David Raleigh Arnold

If you compare the amount of time spent with a teacher with the amount spent in solitary practice, all guitar players, all musicians in fact, are mostly self taught. Whenever you are practicing you are teaching yourself. Someday, if you have a good teacher, the day will come when you are on your own. With or without a teacher, getting the most from your practice time is crucial.

These ideas, principles, and suggestions are for the long haul. Everything here does not necessarily relate to beginners, but very much of it does. If you are a beginner, skip what makes no sense to you and someday all will be clear. If you are a teacher, this article applies to you, not necessarilly to your students.

Of course there may be times when you will temporarily have a routine which is completely different than the usual, to catch up with something you’ve been missing, to experiment, or to learn something new to you. Nevertheless, you should always return to a routine which makes sense over time. In this context, “temporary” could mean up to six years. Adhering too long to a routine which is unbalanced will be at best ineffective and at worst harmful.

A 5% loss of effectiveness over 20 years is the loss of a year of practice.

Attitude is important. You have a lot of time, but you will not live forever. Practice with purpose.

If you apply yourself to making your practice as effective as possible it will be one of the high points of your day. Bad practice becomes a chore. Good practice becomes a pleasure. Make your practice work fun, with the feeling of accomplishment which comes with playing the guitar, not the idle empty fun that comes from playing with it.

Guitar practice is sedentary with a vengeance. You must do core exercise religiously in addition to scheduled breaks during practice. There are library shelves full of books on the necessity of maintaining strength in the muscles around the spine which prevent pressure on the nerves of the spinal column. It all goes double for guitar players, because you must compensate for the reality that your posture cannot always be good when you are playing the instrument. If you do nothing about this situation, there will be problems:

  • Intense debilitating back pain is a virtual certainty. Segovia had it. Mangore didn’t. Mangore worked out on the parallel bars. Segovia didn’t.
  • Carpal tunnel syndrome has been shown to be related to bad posture.
  • Musician’s focal dystonia may be aggravated by bad posture, although the fact that guitarists get it in the right hand and pianists get it in both hands militates against the back being a primary cause.
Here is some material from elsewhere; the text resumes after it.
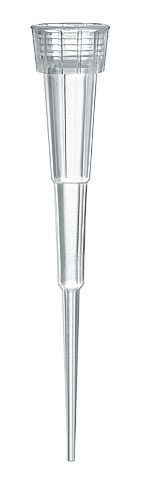 Brand Pipet Ucu | 0.1 - 20 µl, PP 2000 Adet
There is no place for relaxation techniques in practice. They are for rest. Muscles which are relaxed are not controlled. Good muscle tone means tension, not relaxation. Tension exists to build strength and improve performance. Short of paralysis, it is a good thing, and it is a necessary part of the learning process. To reduce tension, slow down. That works, every time, and it does not reduce your learning. There is truth in Nietzche’s: “What does not kill you makes you stronger”. Do not dedicate practice time to locating and resolving “tensions”. You are not smarter than the millions of years of evolution which put tensions exactly where they belong every time. Simply slow down and concentrate on control and let tension do its job and make you stronger.[1]

Summary:

You should practice:

  • with music first.
  • with full attention.
  • with total control.
  • a lot.

Asking the Right Questions

What are reasonable and positive goals?

What equipment do I need?

When should I practice?

How long should my sessions be?

What should I practice?

In what order should I practice?

You should practice in the opposite order from which it is usually done.

Practice complex before simple

Practice the general before the specific.
Put mental before physical
Practice slow before fast.
Practice the unfamiliar before the familiar

Put knucklebusters last.

How should I practice each item?

Things to Have

You will want these articles soon. Do not put anything off because you don’t have something:

  1. a saddle-sewn “composition” book, for a practice record, log, or diary. Ring or spiral notebooks will disintegrate before they are filled.
  2. a decent timer that’s convenient and easy to use.
  3. an electronic metronome. A mechanical metronome must have a bubble level. An electric metronome such as the Franz is fine, but they are no longer manufactured.

“Inner Guitar”

There is a book titled “Inner Tennis” which advocates imaginary practice. It is not clear that such practice is better than nothing, because advocates of such practice find benefit in it but take no notice of possible accompanying harm. The possible harm lies in the failure to exercise the lower nerve centers, to which the brain must delegate some of the work. To put it another way, practice consists in making connections. It follows that making disconnections cannot be a good idea.

Make a daily schedule

Finding time to practice is a big problem for most people. Making a schedule helps. The young have the wrong idea about making a schedule. They think that it takes away their “freedom”. Nothing could be farther from the truth. A schedule makes it possible to do the things you want to do.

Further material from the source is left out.